[[ Dataset extract open ]]

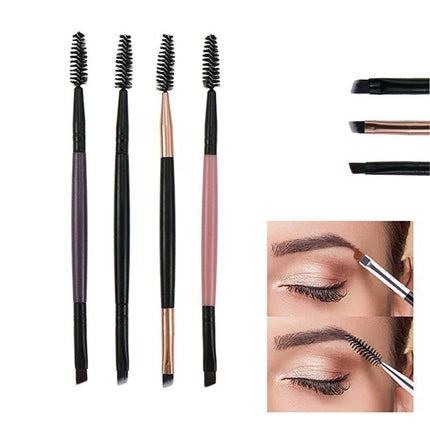 Eyebrow Brush Dual-ended Duo Brow Eyeliner Angled Cut Spoolie Brush Makeup Tools - Aimall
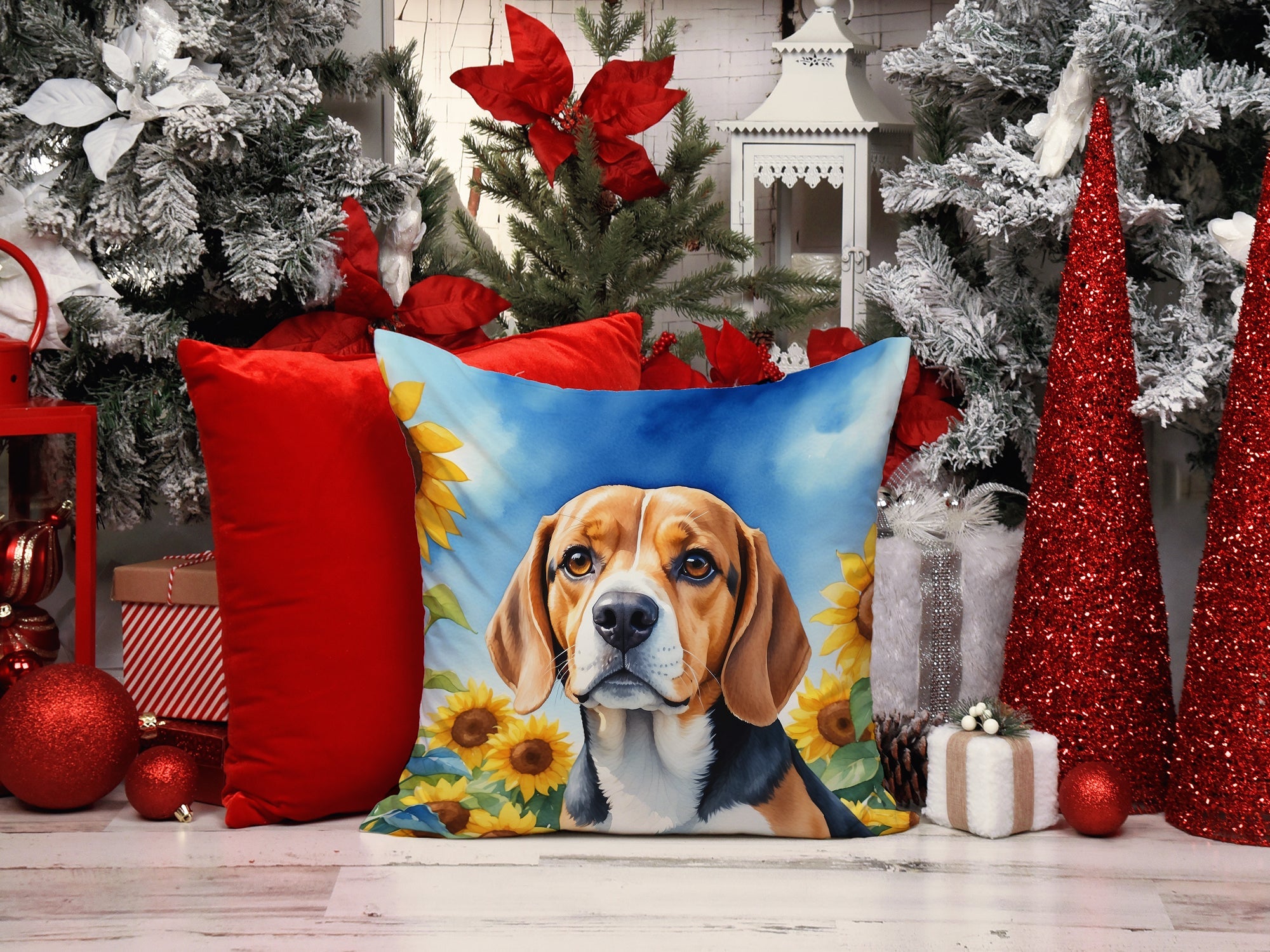 Beagle in Sunflowers Decorative Throw Pillow 14x14 Indoor Outdoor Accent Cushion, Fabric Cover with Insert for Sofa, Bed, Porch & Living Room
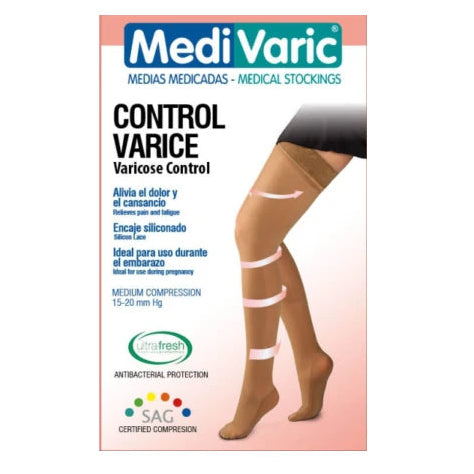 Medivaric Media Compresión Muslo T-M Beige Dama, media de compresión de tejido elástico, color beige, diseñada para uso femenino.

[[ Dataset extract closed ]]

= Action item =
Repeat, exactly and in full, all the material above except its pictures.

= Your response =
 Eyebrow Brush Dual-ended Duo Brow Eyeliner Angled Cut Spoolie Brush Makeup Tools - Aimall
 Beagle in Sunflowers Decorative Throw Pillow 14x14 Indoor Outdoor Accent Cushion, Fabric Cover with Insert for Sofa, Bed, Porch & Living Room
 Medivaric Media Compresión Muslo T-M Beige Dama, media de compresión de tejido elástico, color beige, diseñada para uso femenino.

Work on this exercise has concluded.